+++ DATA LISTING

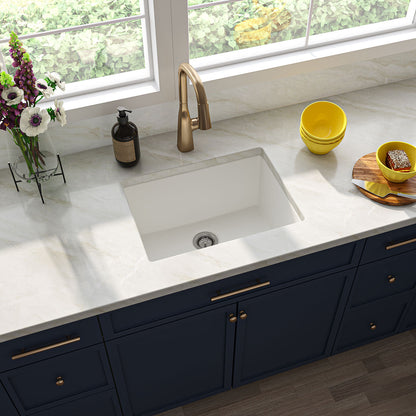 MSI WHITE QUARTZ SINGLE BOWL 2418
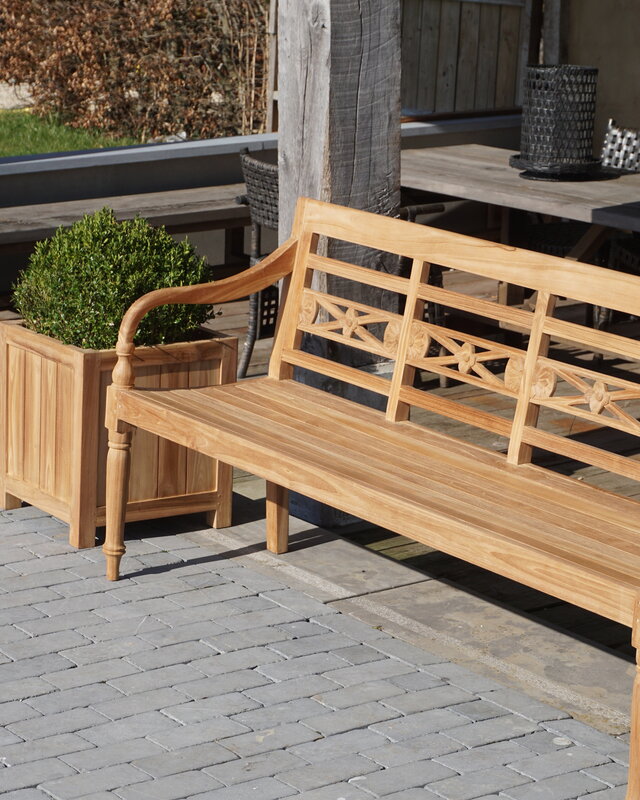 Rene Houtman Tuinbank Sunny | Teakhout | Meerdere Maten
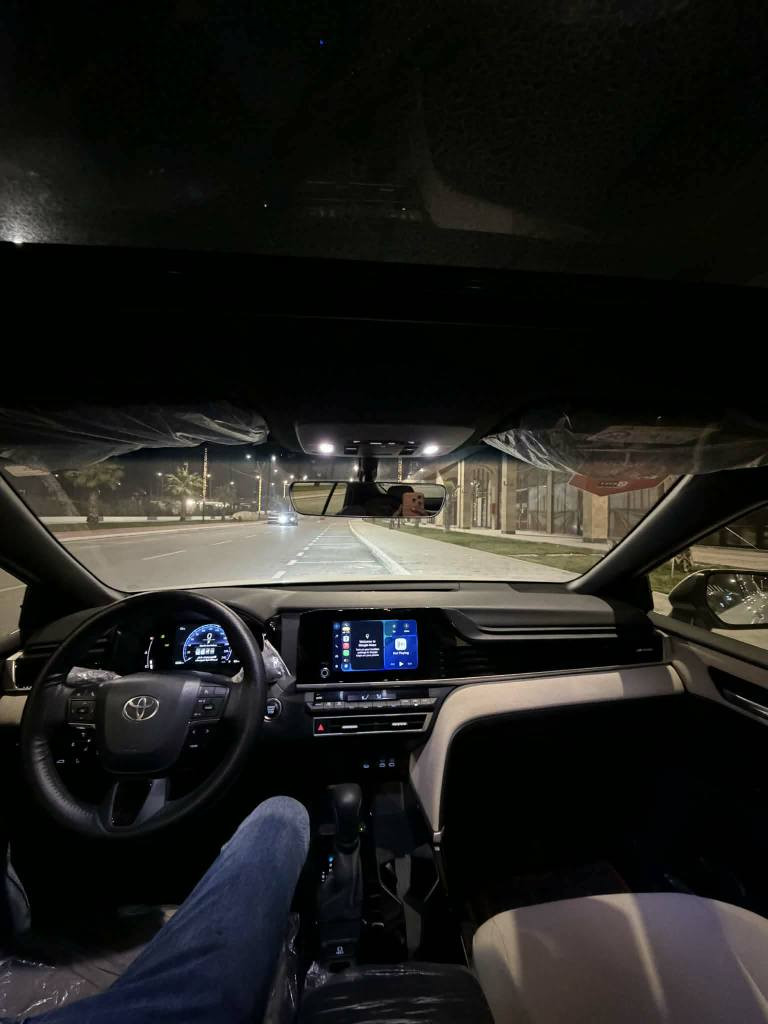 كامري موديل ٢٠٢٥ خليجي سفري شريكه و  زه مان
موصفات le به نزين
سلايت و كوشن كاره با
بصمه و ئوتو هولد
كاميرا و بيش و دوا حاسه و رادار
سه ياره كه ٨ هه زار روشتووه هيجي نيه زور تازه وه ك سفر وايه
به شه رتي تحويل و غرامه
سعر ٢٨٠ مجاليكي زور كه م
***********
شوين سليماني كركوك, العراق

++++++
+++ DATA LISTING

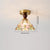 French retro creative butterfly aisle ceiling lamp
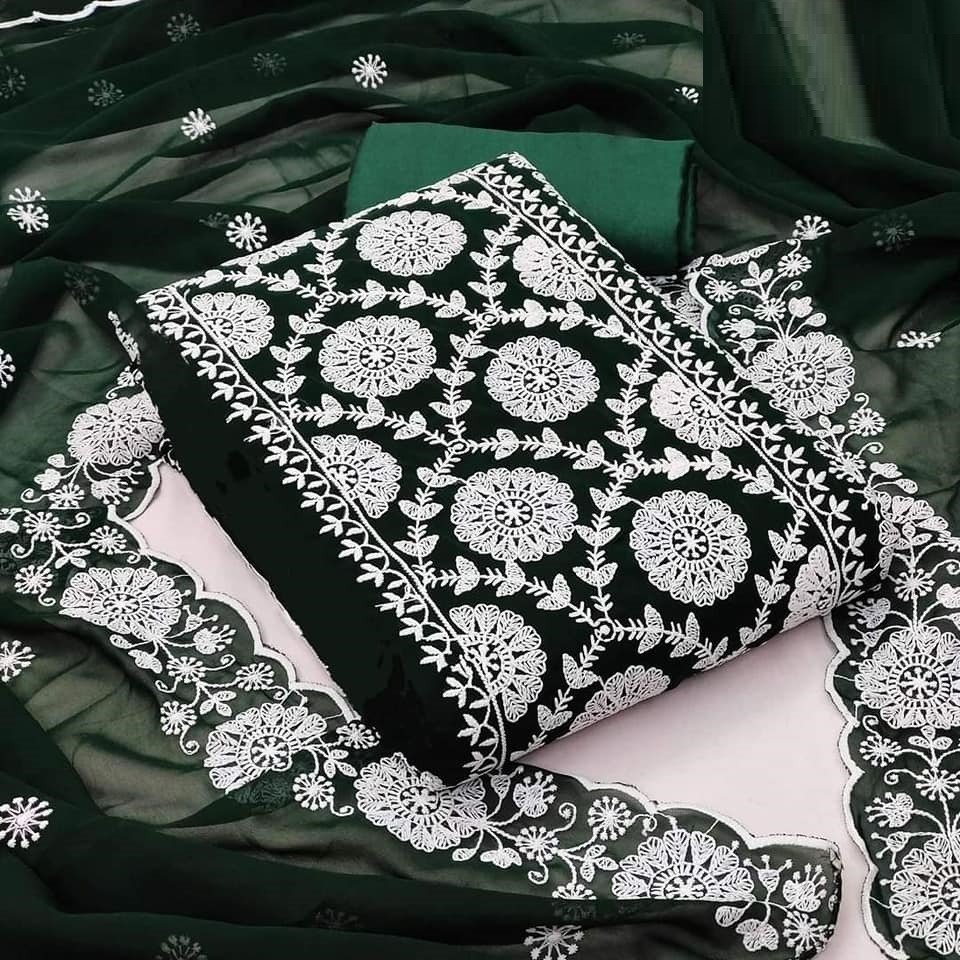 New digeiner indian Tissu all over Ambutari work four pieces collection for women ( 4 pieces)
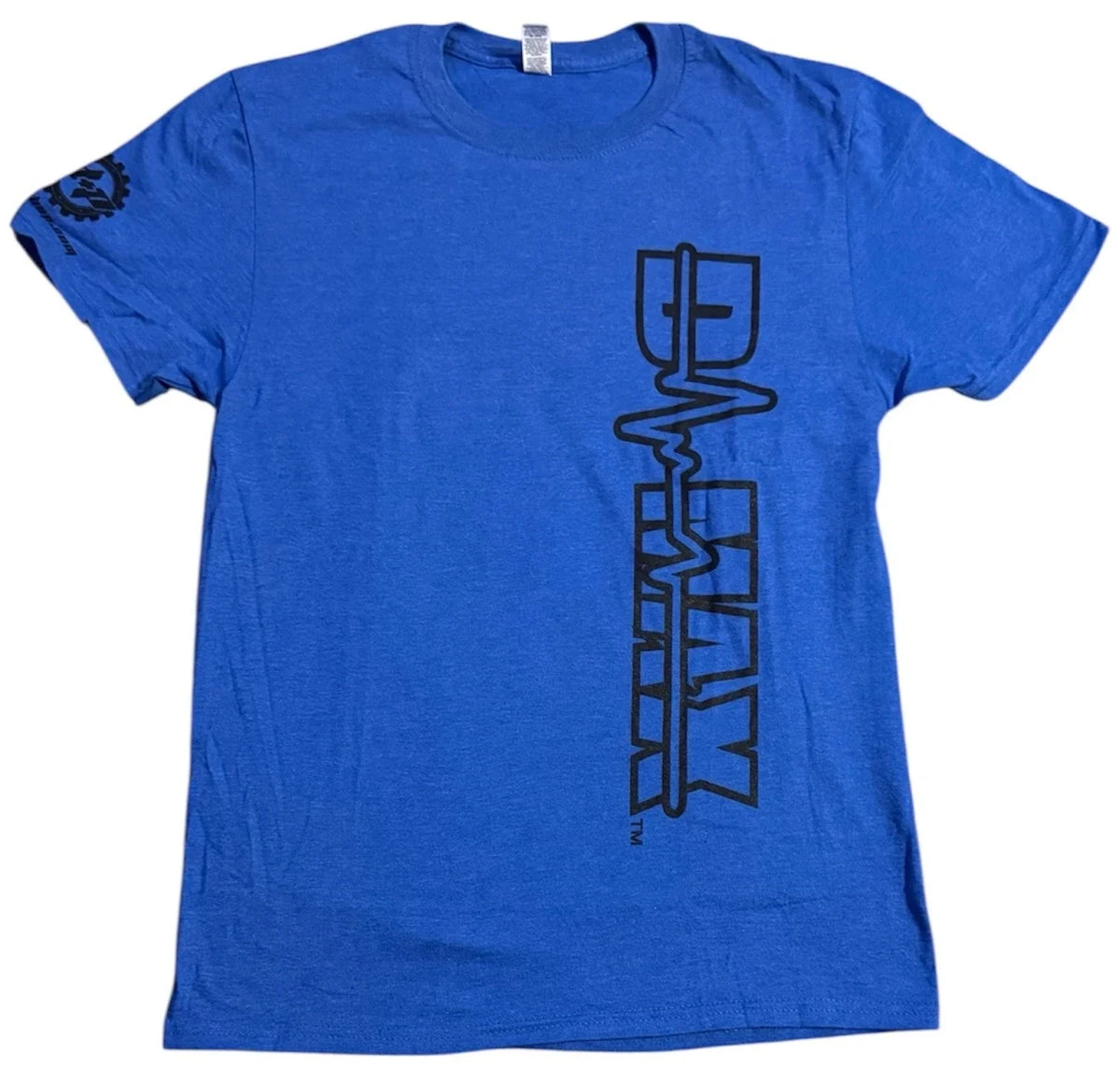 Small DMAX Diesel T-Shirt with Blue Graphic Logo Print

++++++

PROBLEM TO SOLVE — Looking at the data above, return every line from the one with "سلايت و كوشن كاره با" down to the one with "شوين سليماني كركوك, العراق", exactly and inclusively.

RESULT OF THIS TASK —
سلايت و كوشن كاره با
بصمه و ئوتو هولد
كاميرا و بيش و دوا حاسه و رادار
سه ياره كه ٨ هه زار روشتووه هيجي نيه زور تازه وه ك سفر وايه
به شه رتي تحويل و غرامه
سعر ٢٨٠ مجاليكي زور كه م
***********
شوين سليماني كركوك, العراق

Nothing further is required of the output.